There are two problems with that memory: one is that it is false and the other that it is unrepeatable. The false part of it is that it’s impossible to isolate the period in which there was indeed a high growth rate from the consequences that followed, because the fuel that drove that growth was the combination of a rapidly increasing external debt, the expectation of permanently higher oil prices and exacerbated public spending. If one takes not only the seventies but the seventies and eighties together, the photograph ends up being very different: in the eighties the excess of the seventies had to be paid back in the form of a permanent recession and extremely high inflation. That era is unrepeatable because it was a unique moment in which exceptional circumstances combined to produce a pathetic rate of economic growth and ever more social conflict.

Secondly, the problem is not the lack of growth, but the lack of generalized growth: when one visits Querétaro or Aguascalientes, it is immediately evident that the notion of low growth is simply ridiculous; the opposite is true in Oaxaca or Guerrero. So, the problem is not that the growth is low, but that something differentiates the northern states from the southern ones.

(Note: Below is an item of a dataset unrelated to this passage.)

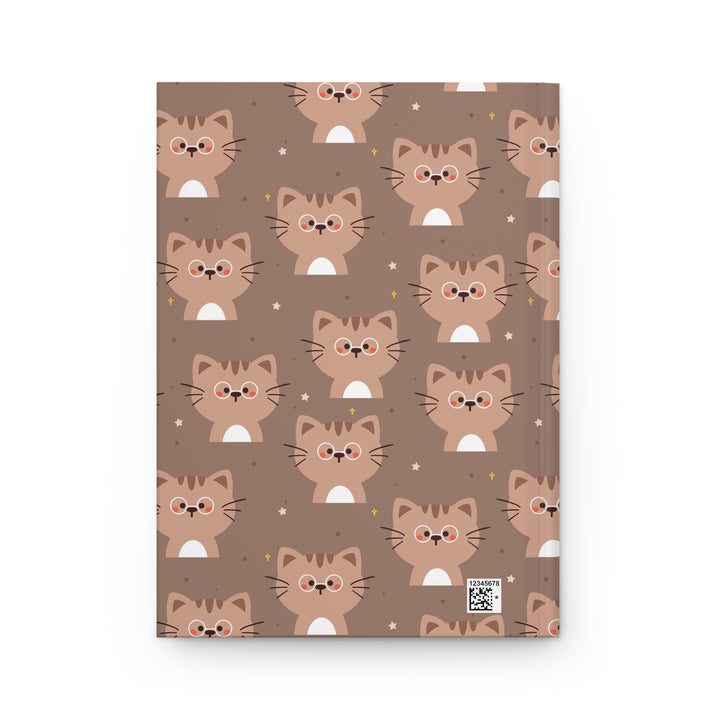 Chocolate Cat Hardcover Journal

Thirdly, the government’s permanent propensity to modify the rules of the game in a country where the president (or the authority in general) has excessive discretionary powers creates an environment of endless distrust. That was the reason why the NAFTA was sought: to create a space in which the rules were permanent and reliable and is a good part of the reason why the North grows so rapidly.

Santiago Levy has long been arguing that the informal economy is the great scourge of the country because it prevents companies from growing and developing and has proposed a series of measures to reduce the tax burden and facilitate their formalization. The approach makes sense, since if one compares the tax collection of those in the formal economy with respect to GDP, the tax burden is not very different from that of the developed world: the problem is clearly in the enormous dimension of the informal economy and the mechanisms that promote it.

The example of Oaxaca suggests another (additional) explanation to the problem of growth. Luis de la Calle summarizes it eloquently: “The prevalence of extortion in the country has become one of the main brakes to the growth of micro and small businesses, many of which are forced not to grow and remain in informality, where extortion tends to be centralized and known. This implies that they do not have an incentive to invest, grow, explore new markets and products, expand outside their local markets and less to hire a growing number of employees… Moreover, the chance of extortion increase with the success of small businesses.”

The reality is that it is not very difficult to elucidate the cause of the economic stagnation, but Mexico is on track, once again, in the wrong direction. The current government is exacerbating uncertainty for investors at a time when NAFTA is at risk and believes that with a great fiscal stimulus everything will change. It would be better to attack the causes of extortion and informality because therein lies the heart of the structural problem that prevents growth. It would also help to strengthen, rather than destroy, the institutions that generate trust, but that would be too much to ask.